GPT-5.2 wasn't released in isolation. Consider the January 2026 competitive landscape:

Model	Lab	Key Capability
GPT-5.2	OpenAI	>90% ARC-AGI; 400K context; agentic coding
Gemini 3	Google	Agentic Vision; 1M context; real-time video
Claude Opus 4.5	Anthropic	Best coding assistant; extended thinking
DeepSeek V4	DeepSeek	Expected Feb; consumer hardware targeting

The frontier is moving on multiple axes simultaneously. Each lab is finding different competitive strategies: OpenAI emphasizes benchmark-crossing reasoning, Google pursues active perception and video understanding, Anthropic optimizes for practical reliability, DeepSeek targets accessibility on consumer hardware.

From a taxonomic perspective, this is speciation in action. The same selective pressures (capability, efficiency, safety, cost) are producing diverse adaptive strategies. The Frontieriidae are radiating.

What to Watch

Several questions follow from this development:

Transfer: Does GPT-5.2's ARC performance generalize to other fluid intelligence tasks? Or is it narrow to this specific benchmark?
Replication: Will Gemini 3, Claude 5, and DeepSeek V4 show similar capability? Is this OpenAI-specific or a general capability threshold?
ARC-AGI-2: How do frontier models perform on the harder benchmark? Does the gap persist?
Mechanism: What specifically enables this performance? Extended reasoning? Architectural changes? Training data composition?
Practical implications: Does benchmark-crossing translate to measurable improvement on real-world reasoning tasks?

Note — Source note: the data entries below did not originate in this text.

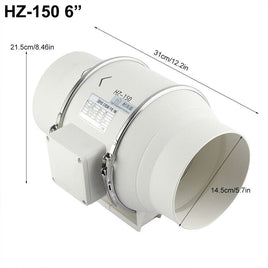 6'' Extractor Fan Duct Hydroponic Inline Exhaust Vent Industrial Kings Warehouse
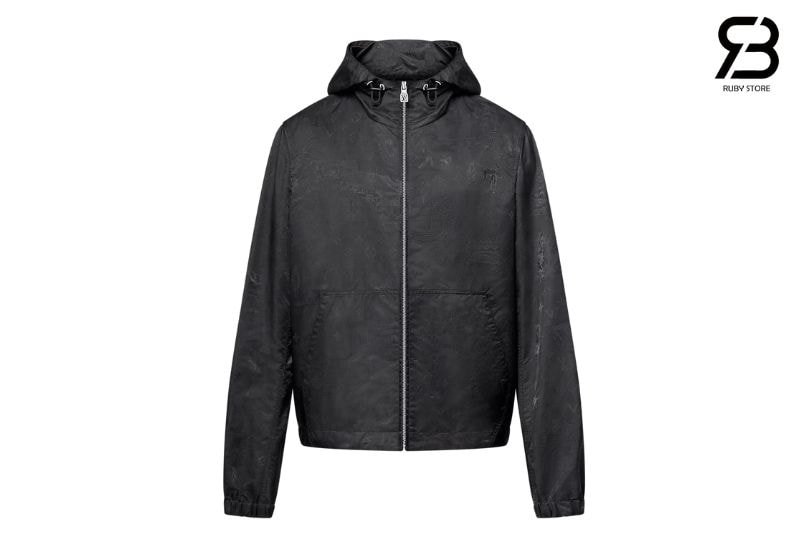 Áo Khoác LV Nylon Windbreaker Màu Đen sang trọng và phong cách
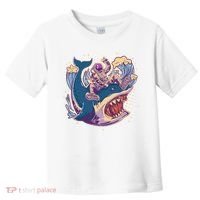 Funny Astronaut Riding Shark Toddler T-Shirt thumb 0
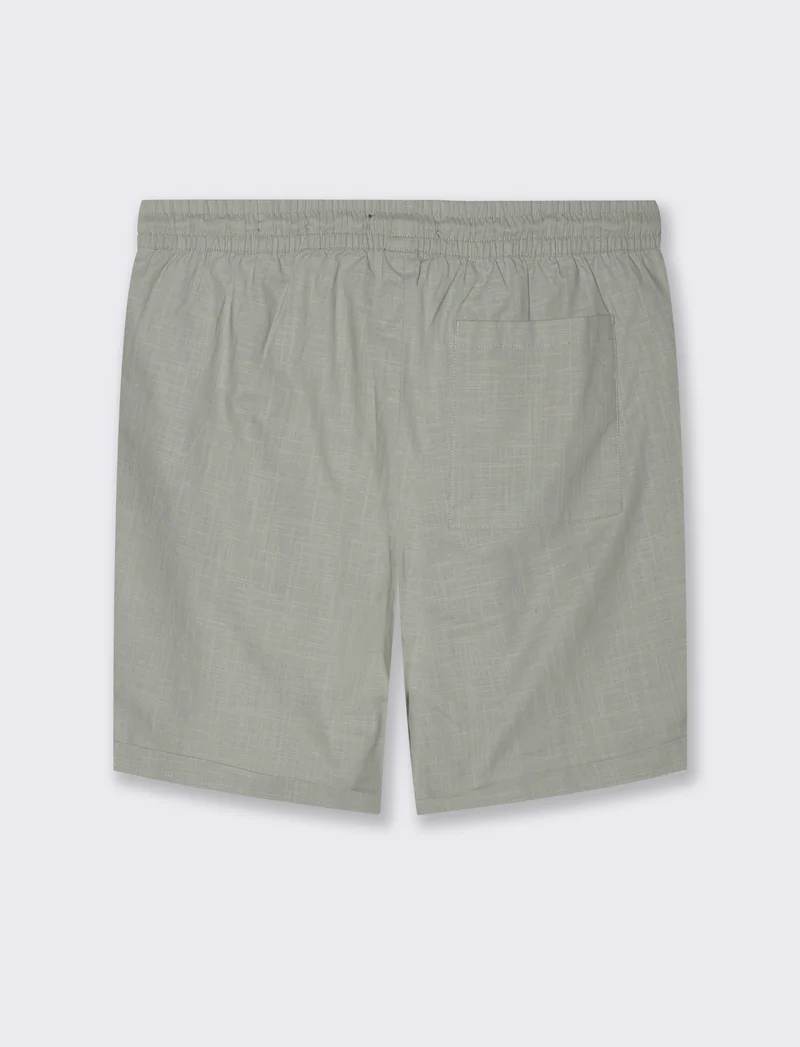 Bermuda jogger tessuto slub da uomo - Verde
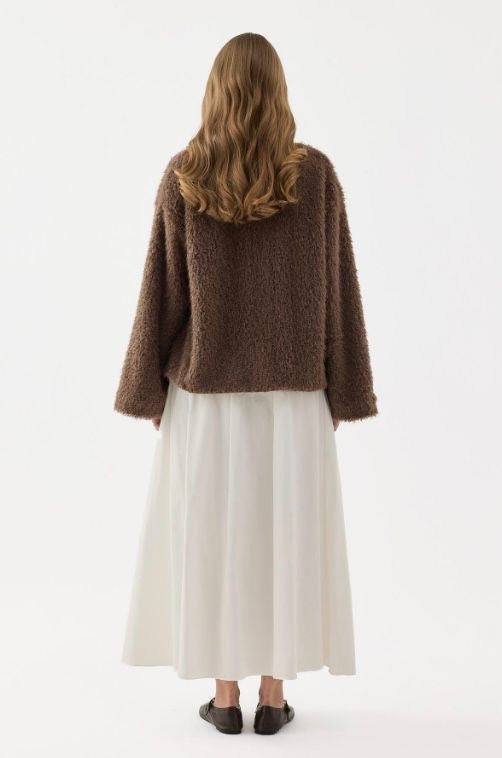 Dua Pluche Vest koffiebruin one-size vooraanzicht zacht pluche teddy textuur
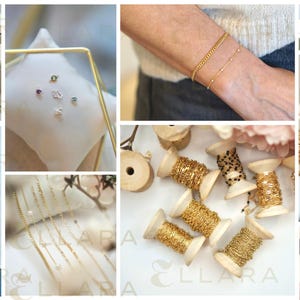 May include: A collage of images showcasing the process of making gold chain bracelets. The images show spools of gold chain, close-ups of the chain, and finished bracelets being worn on wrists. The text "ELLARA" is visible in the bottom right corner of the image.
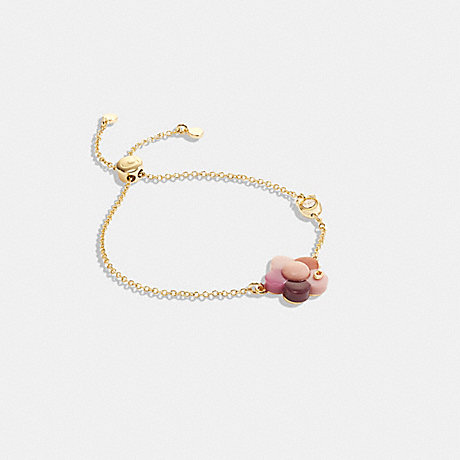 COACH CG107 Flower Charm Slider Bracelet Gold/Pink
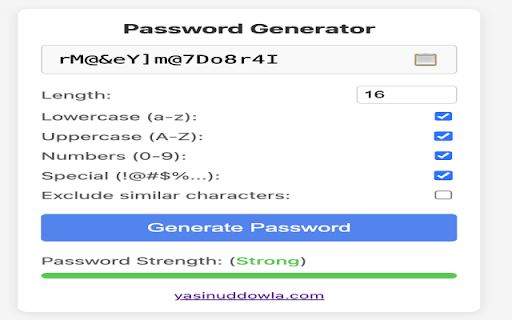 Secure Password Generator  from Chrome web store to be run with OffiDocs Chromium online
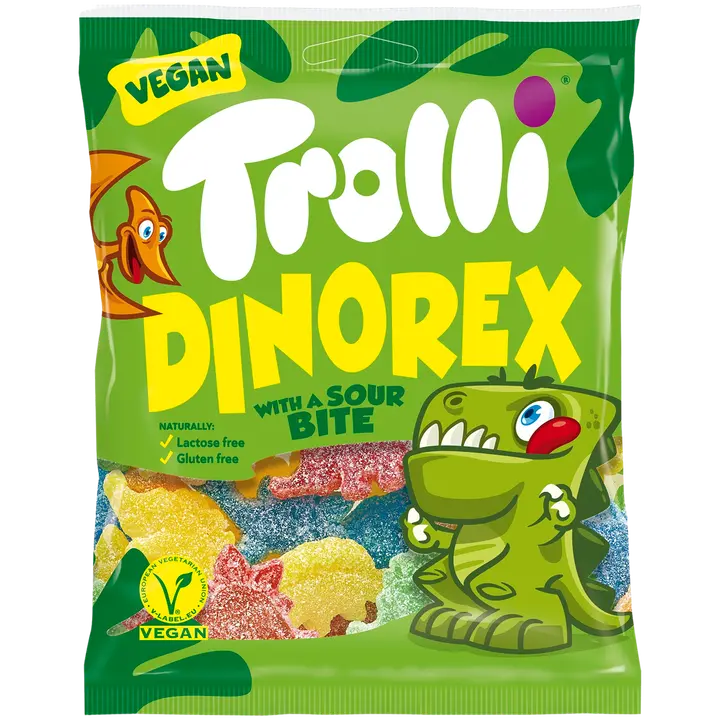 Trolli Dino Rex kummikommid 100g VEGAN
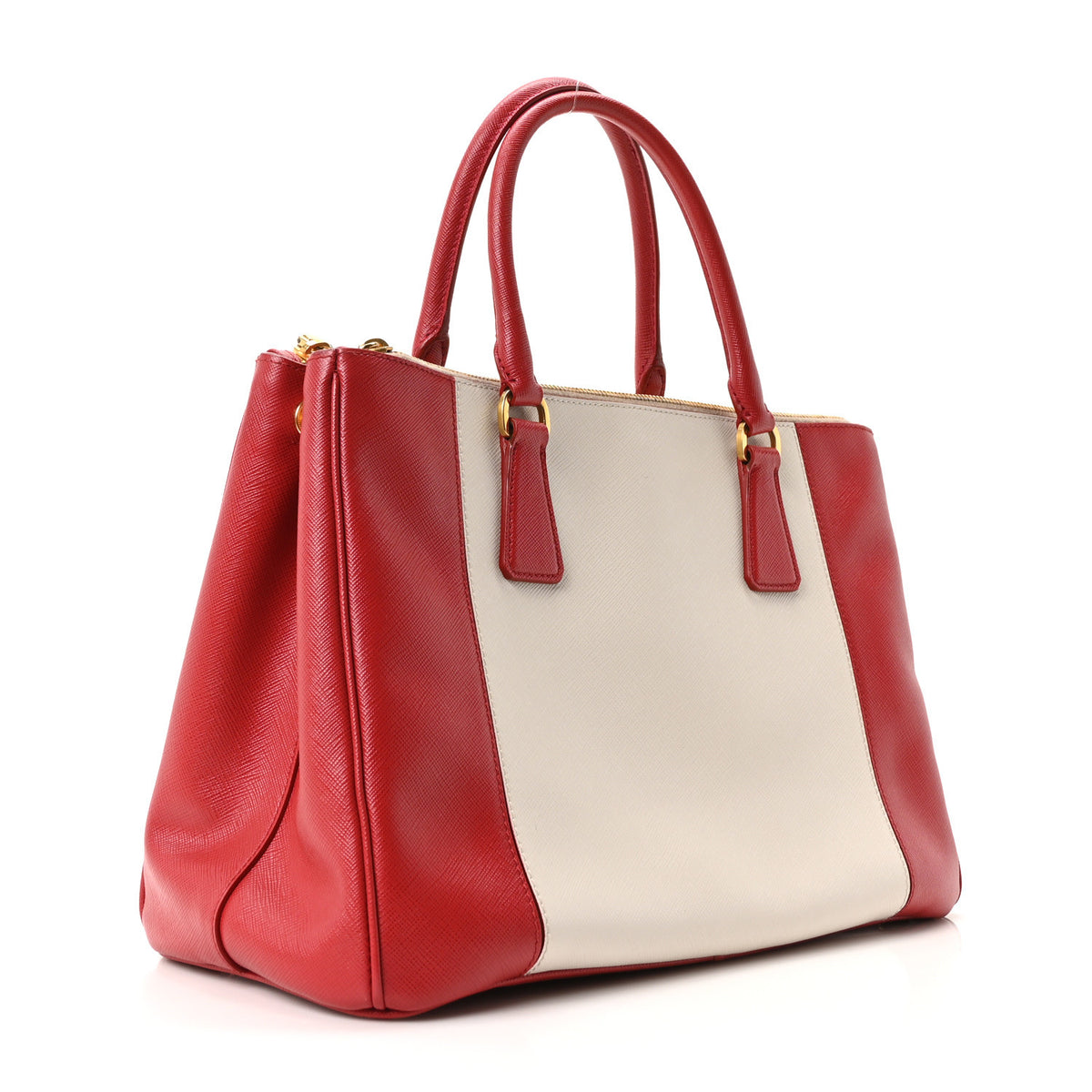 Saffiano Lux Colorblock Medium Galleria Double Zip Tote Fuoco Talco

GPT-5.2 crossing 90% on ARC-AGI-1 is a milestone. It marks the obsolescence of a benchmark designed to be AI-resistant. It challenges assumptions about the limits of pattern-based learning.

It does not prove general intelligence. It does not resolve the philosophical questions. But it moves the conversation.

The taxonomy records: a threshold has been crossed. The ecology adapts.